92 Mahlatsi indicated that, on the day Kheswa died, he was threatening to speak of his links with the police. Another member of the Khetisi gang, Mr Daniel Mabothe, a suspect in the Boipatong massacre, died shortly thereafter, having been struck by the car of Kheswa’s arresting officer, Detective Sergeant Peens. At the time, and against the judge’s instructions, Mabothe and three other suspects was being transported to take part in an identification parade. The dockets concerning the deaths of Kheswa and Mabote have, according to the SAPS, ‘gone missing.’

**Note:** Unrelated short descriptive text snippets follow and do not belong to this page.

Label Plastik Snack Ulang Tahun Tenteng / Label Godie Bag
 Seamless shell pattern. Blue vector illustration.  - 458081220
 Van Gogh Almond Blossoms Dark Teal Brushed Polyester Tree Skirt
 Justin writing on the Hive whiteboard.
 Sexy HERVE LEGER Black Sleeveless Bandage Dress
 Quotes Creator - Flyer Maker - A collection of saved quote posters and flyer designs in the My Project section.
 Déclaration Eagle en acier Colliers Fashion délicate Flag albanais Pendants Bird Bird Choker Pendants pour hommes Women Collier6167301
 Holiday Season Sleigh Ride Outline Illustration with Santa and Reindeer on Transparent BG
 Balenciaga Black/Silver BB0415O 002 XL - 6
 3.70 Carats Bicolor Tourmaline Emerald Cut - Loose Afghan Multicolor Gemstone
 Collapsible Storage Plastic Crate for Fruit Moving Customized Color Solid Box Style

93 On 12 May 1991, twenty-seven people were killed and scores were injured in a pre-dawn attack on Swanieville informal settlement by approximately a thousand IFP hostel-dwellers from Kagiso. There were numerous allegations of police complicity in the attack. These included an allegation that the attackers had been escorted by armoured police vehicles as they made their way to Kagiso; that residents had been advised by the police to go to sleep early and stay off the streets; and that the police had confiscated weapons from Swanieville residents during a raid the previous day, while making no attempt to halt or disarm the attackers during the attack; and that balaclava-clad white men were among the attackers. The police were also alleged to have escorted the attackers back to their hostel. Police did not deny this but stated that this was to prevent a further attack on Kagiso residents.

94 Several IFP members were arrested, but subsequently acquitted owing to a lack of evidence. In his judgement Judge CJ Botha said that the fact that so few had been brought to trial was a “scandal”. The judge noted the police’s failure to call in the video unit, thus making positive identification of attackers difficult. The judge noted further that such actions reinforced public criticism and speculation about the role of the police.

95 At least forty-five people were killed in the night attack on Boipatong on 17 June 1992, allegedly launched from KwaMadala hostel in the Vaal. A number of witnesses reported that white men were part of at least one group of attackers. The monitoring organisation Peace Action noted that police failed to act on warnings of the impending attack (see further Volume Three).

96 After the Sebokeng massacre, an independent police team was appointed by Goldstone to assess the SAP’s response to and subsequent investigation of the incident. The team, headed by Dr PA Waddington, produced a report that was highly critical of the police investigation into the massacre, describing it as “woefully inadequate in a number of respects”. However Waddington ascribed this to “an absence of suitable organisational structures to facilitate effective policing” and said that “omissions arose not from deliberation, but incompetence”.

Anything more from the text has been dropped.